I have been told this whole, just do it thing, this is the only hobby I have heard of that really pushes that, yes I get the point of stop sitting around second guessing, which is expected in any other hobby or any aspect in life, Im not second guessing, Im researching, it would be silly to just buy something, I have always researched, Ive always been able to buy the same products as the other guy at much cheaper prices and learn how to do things properly with little mistakes through using forums, and asking questions first, and then researching lots before jumping. My crowning glory was a scratch built 6ft wingspan Spitfire that was fully detailed with working canopy, animated pilot, and working exhaust stacks that came direct form the engines motor. People were shocked it didnt cost me over $5000 but it cost me only me $2000 all up, because I researched and took my time understanding first. The same mistakes are made by new people in RC who just jump in, they buy a P51 mustang, or the dreaded elliptical winged Spitfire and crash it first go, instead of researching and realizing theres safer, cheaper beginnings. 

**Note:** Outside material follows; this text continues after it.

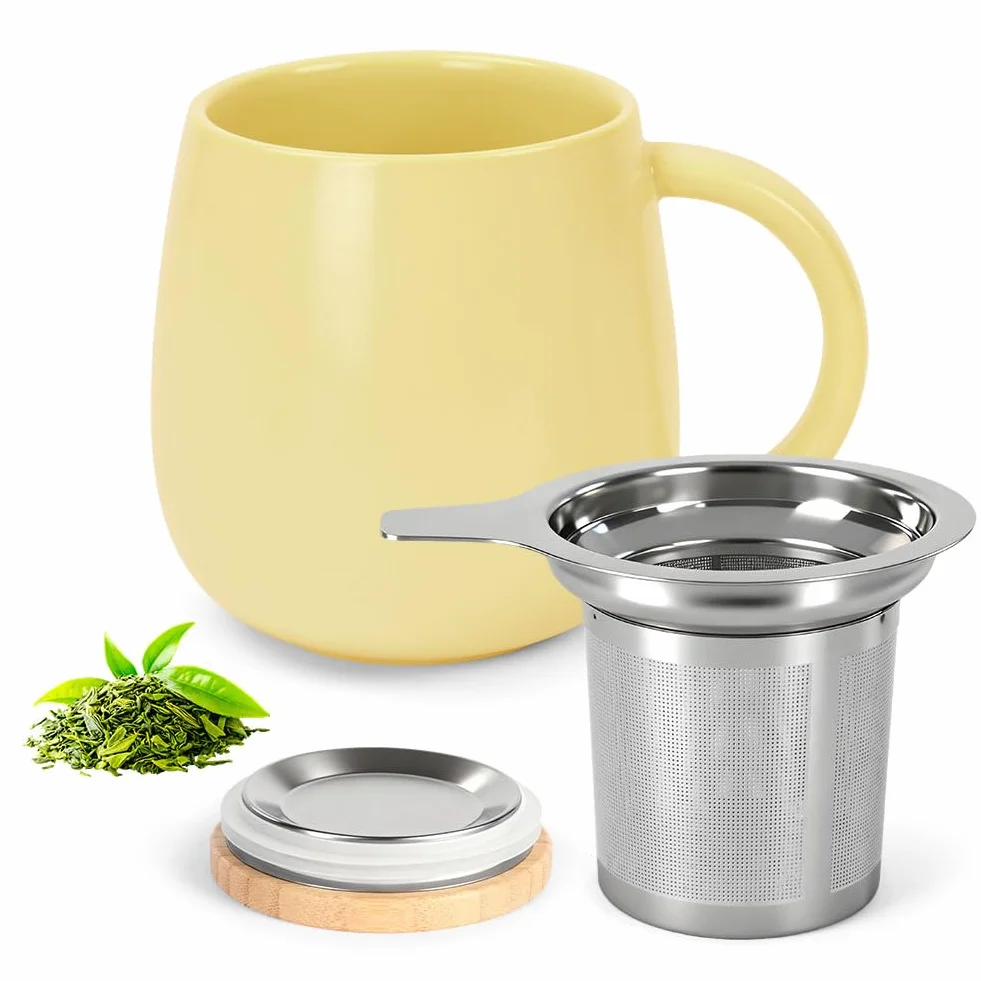 Kubek ceramiczny z zaparzaczem i pokrywką 480ml do herbaty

And besides the fact, jump in or not, questions asked or not, my point of this post was the fact I have never seen such a divide between people in any hobby or interest, even RC's great rivalry of nitro vs electric doesnt get such an open contest. If the questions asked its normally simply put the differences, and differences in cost, and what appeals to the person asking. If any one says ones better in a nasty way, looking for a fight so to speak, they normally get shot down, theres obviously always one. And my post was just me saying I have not seen such a disagreement especially considering the type of hobby, its slow paced and relaxing and actually quite personal, its in your home, not an airfield or public area. And that RC airplanes actually has this stigma, that you quite often get one side against the other, but quite suprising that it didnt happen, the only thing I found was that some older people in the hobby seemed to have an issue with younger members not knowing how to build from scratch, yet didnt want to teach the younger members, they felt that if they had to learn alone and make mistakes so do the new ones, which i feel is wrong, isnt the point of the hobby teaching others not to make those mistakes so it can be even more enjoyable? Isnt that the main point of an online forum in swapping information, showing mistakes and explaining to new members the better way of doing things, from your experience? you dont have to answer the questions, but to say to a guy who just starting out who asks what power, locos and track to use, stop thinking about it, set a value and go buy something and if its wrong oh well try again as thats what we all do, is a bit harsh. I hope that one day when I am experienced I can say look which ever way you go, at least dont make these mistakes, no I didnt make them myself but the guys I asked the same questions to told these same things. 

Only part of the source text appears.